Top of RECORDS TO USE
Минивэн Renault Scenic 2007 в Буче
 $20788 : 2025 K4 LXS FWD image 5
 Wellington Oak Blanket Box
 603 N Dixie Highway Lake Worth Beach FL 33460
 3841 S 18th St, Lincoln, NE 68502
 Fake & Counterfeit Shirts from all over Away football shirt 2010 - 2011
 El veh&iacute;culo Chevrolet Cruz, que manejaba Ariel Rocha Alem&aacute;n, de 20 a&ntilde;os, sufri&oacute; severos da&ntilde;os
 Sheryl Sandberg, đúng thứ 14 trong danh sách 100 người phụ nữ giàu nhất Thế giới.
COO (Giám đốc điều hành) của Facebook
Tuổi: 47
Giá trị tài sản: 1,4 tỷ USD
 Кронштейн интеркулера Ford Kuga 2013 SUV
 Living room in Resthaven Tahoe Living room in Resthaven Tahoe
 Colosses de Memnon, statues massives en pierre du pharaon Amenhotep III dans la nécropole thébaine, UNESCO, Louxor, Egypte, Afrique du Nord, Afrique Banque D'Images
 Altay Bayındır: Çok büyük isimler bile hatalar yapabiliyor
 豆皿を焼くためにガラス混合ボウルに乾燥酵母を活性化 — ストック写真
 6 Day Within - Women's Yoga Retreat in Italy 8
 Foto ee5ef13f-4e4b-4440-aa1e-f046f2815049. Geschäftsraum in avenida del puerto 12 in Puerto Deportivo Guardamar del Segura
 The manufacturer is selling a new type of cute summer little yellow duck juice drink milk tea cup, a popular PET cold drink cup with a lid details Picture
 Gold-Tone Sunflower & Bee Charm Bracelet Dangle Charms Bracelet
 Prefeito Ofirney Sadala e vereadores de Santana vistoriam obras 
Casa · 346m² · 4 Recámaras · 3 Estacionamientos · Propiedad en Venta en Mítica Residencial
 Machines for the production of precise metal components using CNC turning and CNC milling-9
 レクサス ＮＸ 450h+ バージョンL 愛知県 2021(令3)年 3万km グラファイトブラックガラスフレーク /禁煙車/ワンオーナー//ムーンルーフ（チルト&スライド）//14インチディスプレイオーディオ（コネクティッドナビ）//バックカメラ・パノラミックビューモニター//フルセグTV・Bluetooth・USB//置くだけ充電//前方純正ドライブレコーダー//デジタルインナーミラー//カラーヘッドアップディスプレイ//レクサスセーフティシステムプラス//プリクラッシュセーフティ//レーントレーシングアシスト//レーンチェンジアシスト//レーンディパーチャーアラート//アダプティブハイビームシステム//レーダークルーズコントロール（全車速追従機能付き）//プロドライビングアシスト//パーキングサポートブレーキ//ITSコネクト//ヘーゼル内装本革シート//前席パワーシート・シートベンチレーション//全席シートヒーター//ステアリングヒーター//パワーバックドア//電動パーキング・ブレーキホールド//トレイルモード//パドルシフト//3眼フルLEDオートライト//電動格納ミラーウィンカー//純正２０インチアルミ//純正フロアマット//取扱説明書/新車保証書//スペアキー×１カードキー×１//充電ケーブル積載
Bottom of RECORDS TO USE
Write out exactly the lines that fall from the line with "603 N Dixie" to the line with "6 Day Within" in the records above, keeping both ends.

 603 N Dixie Highway Lake Worth Beach FL 33460
 3841 S 18th St, Lincoln, NE 68502
 Fake & Counterfeit Shirts from all over Away football shirt 2010 - 2011
 El veh&iacute;culo Chevrolet Cruz, que manejaba Ariel Rocha Alem&aacute;n, de 20 a&ntilde;os, sufri&oacute; severos da&ntilde;os
 Sheryl Sandberg, đúng thứ 14 trong danh sách 100 người phụ nữ giàu nhất Thế giới.
COO (Giám đốc điều hành) của Facebook
Tuổi: 47
Giá trị tài sản: 1,4 tỷ USD
 Кронштейн интеркулера Ford Kuga 2013 SUV
 Living room in Resthaven Tahoe Living room in Resthaven Tahoe
 Colosses de Memnon, statues massives en pierre du pharaon Amenhotep III dans la nécropole thébaine, UNESCO, Louxor, Egypte, Afrique du Nord, Afrique Banque D'Images
 Altay Bayındır: Çok büyük isimler bile hatalar yapabiliyor
 豆皿を焼くためにガラス混合ボウルに乾燥酵母を活性化 — ストック写真
 6 Day Within - Women's Yoga Retreat in Italy 8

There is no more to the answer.